Analogy: "Would you write SQL queries in Oracle PL/SQL or ANSI SQL? ANSI SQL works across databases. OTel is the ANSI SQL of observability."

Objection Handling:

"OTel is immature" → Graduated project, 100+ companies contributing
"We lose vendor features" → Hybrid approach: OTel + vendor agent only where needed
"Our team knows Datadog" → Training investment pays off via flexibility

Historical Context: From Vendor Agents to OTel

Fawkes 1.0 (2022): Prometheus + Vendor Sprawl

Metrics: Prometheus exporters (custom per service) Logs: Fluentd + Elasticsearch Traces: Jaeger (limited adoption)

Problems:

Developers didn't instrument traces (too complex)
Logs disconnected from metrics/traces
No unified view of system state
MTTR: High (couldn't correlate data across tools)

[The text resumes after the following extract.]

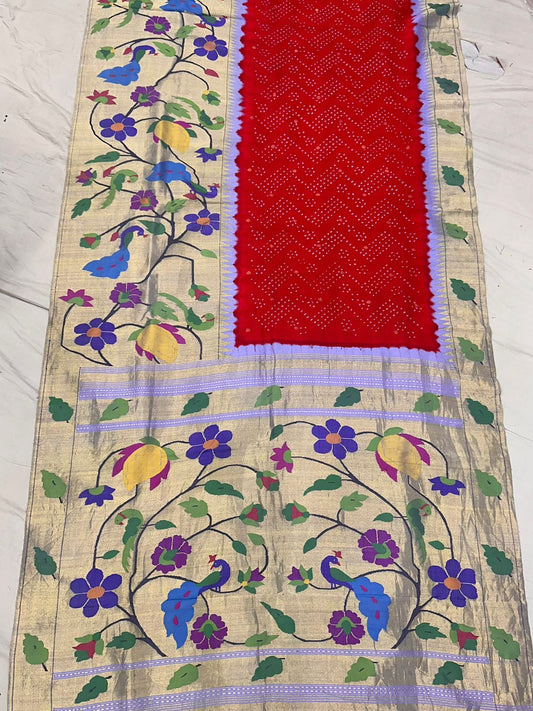Brocket Border Bandhani Paithani Saree
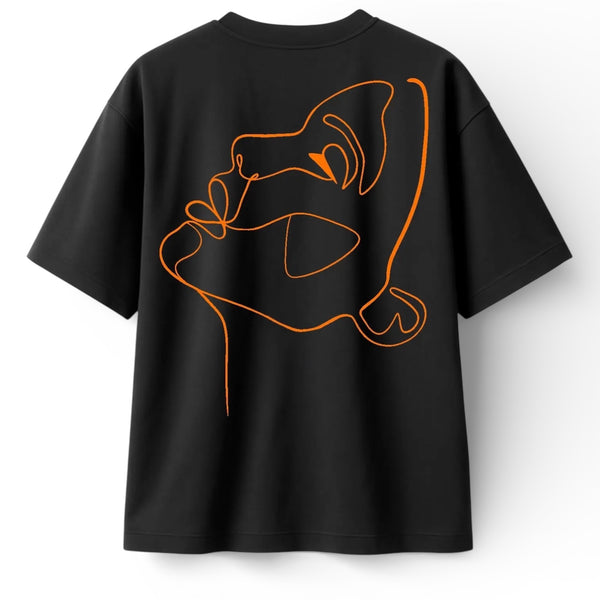 T-shirt Minimaliste Brodé 100% Coton – Design One Line Draw (F) Ma boutique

Fawkes 2.0 (2023): OpenTelemetry Adoption

Decision: Bet on OpenTelemetry as standard

Migration:

Deploy OTel Collector (DaemonSet)
Auto-instrument new services with OTel SDKs
Migrate existing services incrementally
Sunset Jaeger, direct Prometheus exporters

Results:

Unified data model: Metrics, logs, traces use same attributes
Correlation: Trace ID in logs, link from Grafana to Tempo
Developer adoption: Auto-instrumentation = zero friction
MTTR: ⬇️ 40% (faster root cause analysis)
Cost: ⬇️ $30K/year (avoided Datadog expansion)

Fawkes 3.0 (2024-Present): Grafana LGTM Stack

Full Observability Stack:

Loki (Logs)
Grafana (Visualization)
Tempo (Traces)
Mimir/Prometheus (Metrics)

All powered by OTel Collector as the telemetry ingestion layer.

The Mental Model: OTel as the Telemetry Layer

Think of OpenTelemetry like the OSI Network Model:

Layer	Network Model	Telemetry Model
Application	HTTP, gRPC	Business Logic
Presentation	TLS, Compression	OTel SDK (instrumentation)
Session	Authentication	Trace Context Propagation
Transport	TCP, UDP	OTel Collector (routing, batching)
Network	IP	OTLP Protocol
Data Link	Ethernet	Backend Protocol (Prometheus, Tempo)
Physical	Cables	Storage (Prometheus TSDB, Tempo blocks)

Key Insight: You don't write TCP socket code to make HTTP requests—you use a library. Similarly, you don't use vendor-specific agents—you use OTel SDK and let the collector handle backend details.

This is abstraction working as intended.

How-To: Trace Requests with Tempo
How-To: View DORA Metrics
ADR: ADR-013: Distributed Tracing
ADR: ADR-011: Centralized Log Management
ADR: ADR-012: Metrics Monitoring
Tutorial: Module 13: Observability
Reference: OpenTelemetry Documentation

Conclusion

OpenTelemetry is not just a tool—it's a strategic architectural decision that prevents vendor lock-in while enabling world-class observability.

The Core Principle: Instrument once with a vendor-neutral standard, then send telemetry to any backend. This gives you:

Flexibility: Switch backends without code changes
Cost Control: Vendors compete on backend quality, not ecosystem lock-in
Future-Proofing: Industry standard, backed by CNCF and all major vendors
Simplicity: One agent (OTel Collector) instead of many vendor agents

The Trade-Off: You may lose some proprietary vendor features, but you gain strategic independence. For Fawkes, that's the right trade.

The Future: As Datadog, New Relic, and others adopt OTel (they already are), the ecosystem converges on the standard. Choosing OTel today means you're ahead of the curve, not behind it.

Unified Telemetry = OpenTelemetry. This is the way.